In a new interview with Guitar.com, Tony Iommi‘s longtime producer revealed how the Black Sabbath legend has crafted his guitar tone – and as you might expect from a man who had to basically invent metal guitar, he tends to go to extremes with his gear.

Mike Exeter has been working with Iommi for over three decades and is also well-known for working with the likes of UB40, The Specials, Jeff Beck, Cradle Of Filth and Judas Priest.

Over time, Exeter has become very familiar with the way a musician expresses whether they like what they’re doing or not.

“Tony is very easy for me to read,” Exeter says. “I know him so well, I can spot the facial expressions or body language. Sometimes it’s what he plays, other times it’s how he plays. If he does a certain trill, I know that means he’s not getting enough sustain from the amp. What he’s looking for is, ultimately, an extension of himself.”

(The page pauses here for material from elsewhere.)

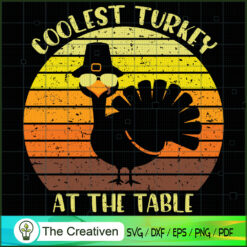 Thanksgiving Coolest Turkey  SVG Cut File for Cricut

He goes on to recall that the pair have a habit of listening to live footage from Paris in 1974 and compare it to the sound of the first two Black Sabbath albums, or the post-Ozzy years with Ronnie James Dio.

“When I listen to the first two Sabbath albums, they’re incredibly fuzzy,” Exeter says. “It’s a classic Laney sound. But he wasn’t using that in 1980 for the Dio albums. He’d switched to hotter Marshalls around that period. So there is no singular definitive sound for Tony, but he definitely has his own feel. I can pick him out from a mile off just because of the little things he does.”

He even lends some advice to players who have been inspired by Iommi’s tone. “To sound like Tony, you generally need P-90s going into a thick, soupy sound,” Exeter says. “It’s broken up, almost like speaker distortion. You might not think he was dialing in much gain, but trust me, he was on 11 for everything, because in the old days they had single-channel amps."